Simit and a Berliner

A personal blog by Ahmet Kerem Aksoy.

Two simits and a berliner.

DistroMash


Since my last post, I wrote my master thesis and graduated from the university. It ended up being a pretty good thesis and I received the highest grade. I decided to open source the project to grab some stars on Github. I think I should advertise it more because it works actually pretty good. Anyways, in this post, I will talk about my thesis a bit and share the project with you. If you are interested in Docker containers, distributed systems or IPFS, buckle up.


Containers are almost the da facto way of distributing software nowadays. Docker is everywhere. My local database for personal projects run in a Docker container.

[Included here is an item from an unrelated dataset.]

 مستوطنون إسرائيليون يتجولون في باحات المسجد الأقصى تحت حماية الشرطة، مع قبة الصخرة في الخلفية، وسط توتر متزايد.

The development environment that we use at work runs in a Docker container. The ML models that I deployed run in Docker containers. It is so versatile and easy.

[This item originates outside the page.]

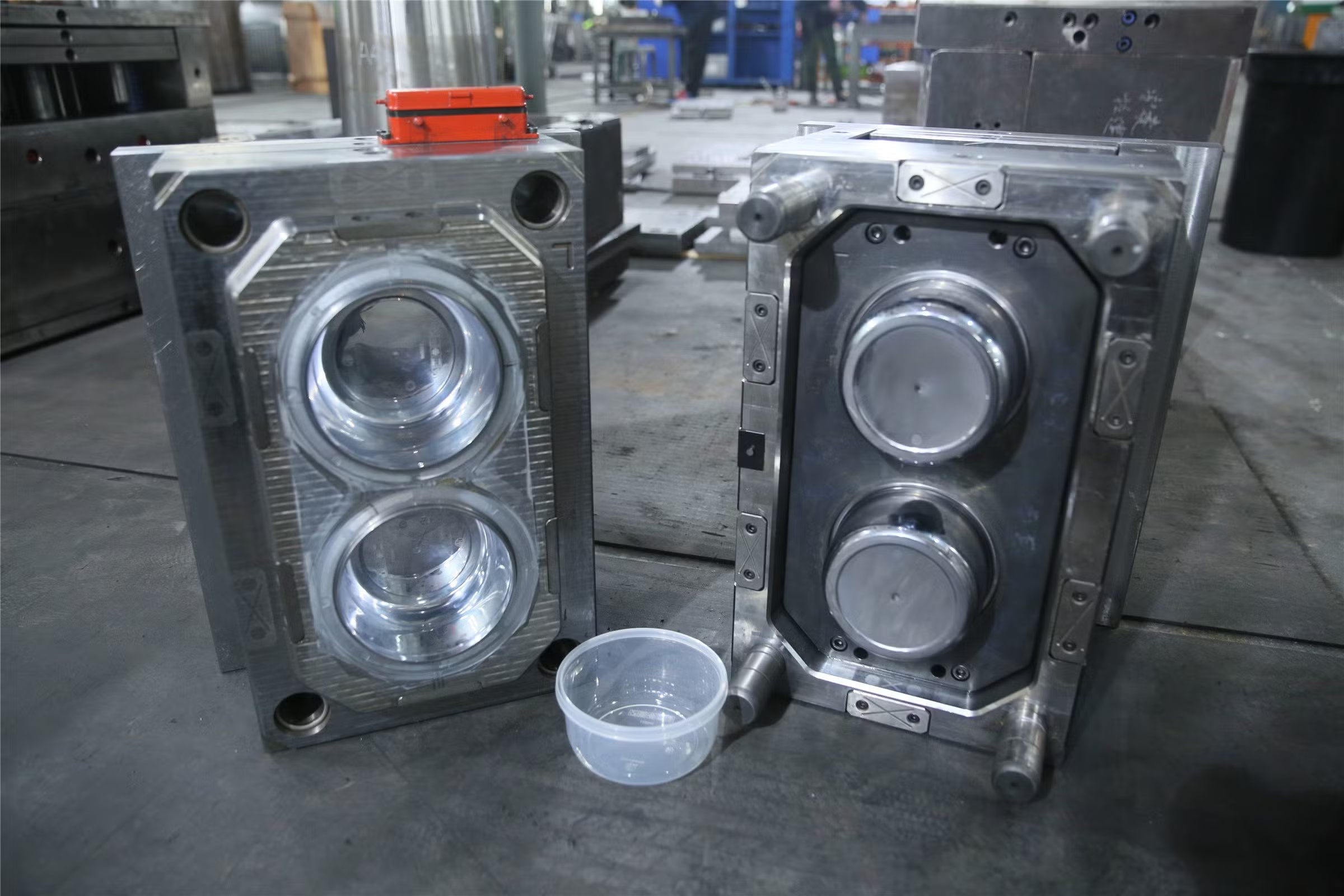 Blow molding process producing transparent PET plastic bottles in factory production line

I am not specifically interested in Docker. In the beginning of 2023 I was looking for a thesis topic, where I can get my hands dirty. I wanted something that involves engineering. I found a topic from the Distributed Systems and Operating Systems group at the university. It was about writing a framework to distributed Docker images faster and better in edge computing environments. It involved not only finding solutions to a set of problems but also implementing a whole framework to realize these solutions and offer a complete system. Also, I have been hearing great things about Go and wanted to learn it for a long time. So this could be my frame to do this.


I picked up the topic and it turned out better than I expected. I learned bunch of stuff about peer-to-peer networks, distributed systems, IPFS and Docker. I found solutions to all the problems that I stated in my thesis and created a functional system. I called the system DistroMash. Distro representing distribution and Mash representing a mesh of nodes but with a instead of e, as in mashed potato.


DistroMash architecture

In simple terms, DistroMash distributes Docker image to an environment faster than the official Docker registry does under bad network conditions. It is especially useful in edge environments as the uplink connection to the cloud is slow and prone to congestions. DistroMash achieves its superior performance by distributing the download load to a peer-to-peer network using IPFS. Furthermore, DistroMash proposes a framework including strategies on how to distribute Docker images to the environment such as distribute certain images to certain nodes or to a percentage of the environment. The proposed framework offers support for multiple platforms and architectures.


If you want to check DistroMash I leave the Github link to the repository here.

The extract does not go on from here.